Beb, gisteren heb 'k aan 't portret gewerkt maar daar kan 'k nu niet aan denken - 'k heb ook gewacht op 'n brief
[1:3]
van mijn Beb - maar die is niet gekomen en van daag ook niet - maar je zult 't wel druk hebben mijn lieve Beb - en er is er zeker wel een onder weg over je komen hier - ten minste als je broêr Frank gisteren in Haarlem is gekomen - 'k stel 't me telkens voor hoe 't toch zal zijn mijn Beb - en nù wilde 'k je toch zóo hier hebben - want 'k heb Londen nooit zóo gezien - 'k verlang zoo naar morgen om er aan te beginnen en heerlijk, nu, die stille Zondag in 't vooruitzicht om zoo stilletjes heelemaal in m'n werk te zijn.

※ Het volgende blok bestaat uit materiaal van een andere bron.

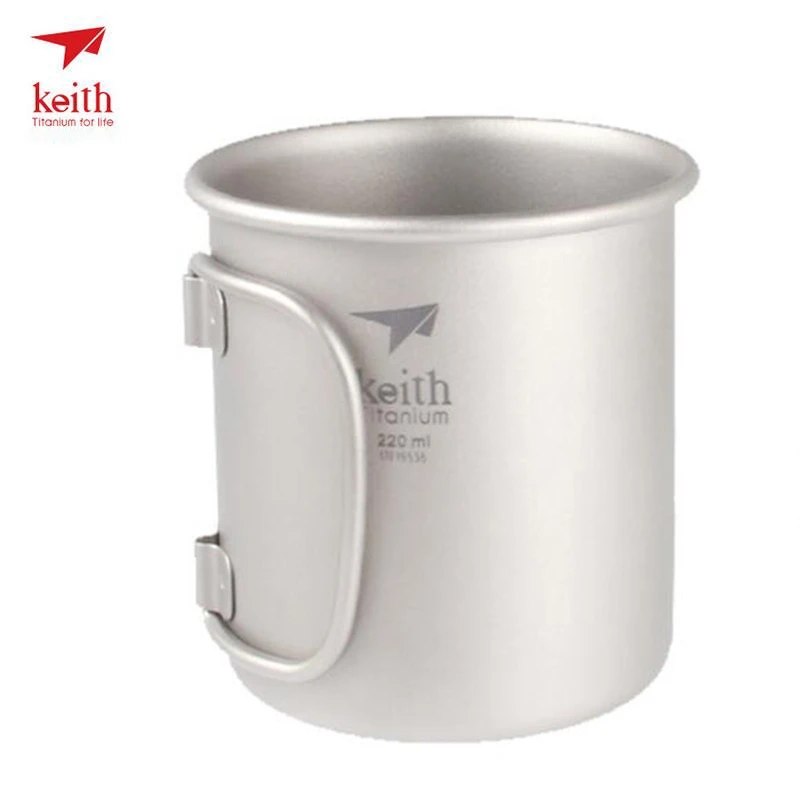 Keith Titanium Cup Titanium Water Mugs Folding Handle Single Wall Cup Outdoor Camping Travel Hiking Cups With Lid 220ml-900ml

Beb, 'k kreeg antwoord uit Parijs. Ze willen m'n etsen niet koopen maar
graag in commissie hebben omdat, zegt hij, er veel káns is dat de Amerikanen ze koopen terwijl de fransche amateurs ze te zwart zullen vinden. - Morgen avond ga 'k, denk 'k, weer naar Kapteyn of anders Zondag avond, dat vin 'k wel plezierig, - zoo in 'n
[1:4]
rustige huiselijke omgeving als 'k den heelen dag goed gewerkt heb - en 't zal zeker goed gaan - vooral de eerste dagen - lieve Beb - 'k schrijf nu maar kort om weer gauw naar buiten te gaan en schetsen te maken - 't werkt zoo heerlijk buiten, hier - niemand kijkt er naar of staat me in den weg. Zoo heel alleen met m'n werk midden in Londen dat is zoo prettig - zal je nu gauw weer 's 'n heel langen brief schrijven, m'n ondeugende lieve kindje - wat heb je de laatste dagen toch moeten doen lieve Beb, dat je me zoo zonder brieven laat? - 't Is wel goed - mijn Beb als je 't noodig vindt - maar o 'k verlang zoo naar 'n brief. Dag m'n lieve Beb, 'k ga nu gauw weer - 't wordt al zoo donker, dag Beb - 'k schrijf morgen vóor 6, dan heb je dien Zondag middag en dezen morgen middag.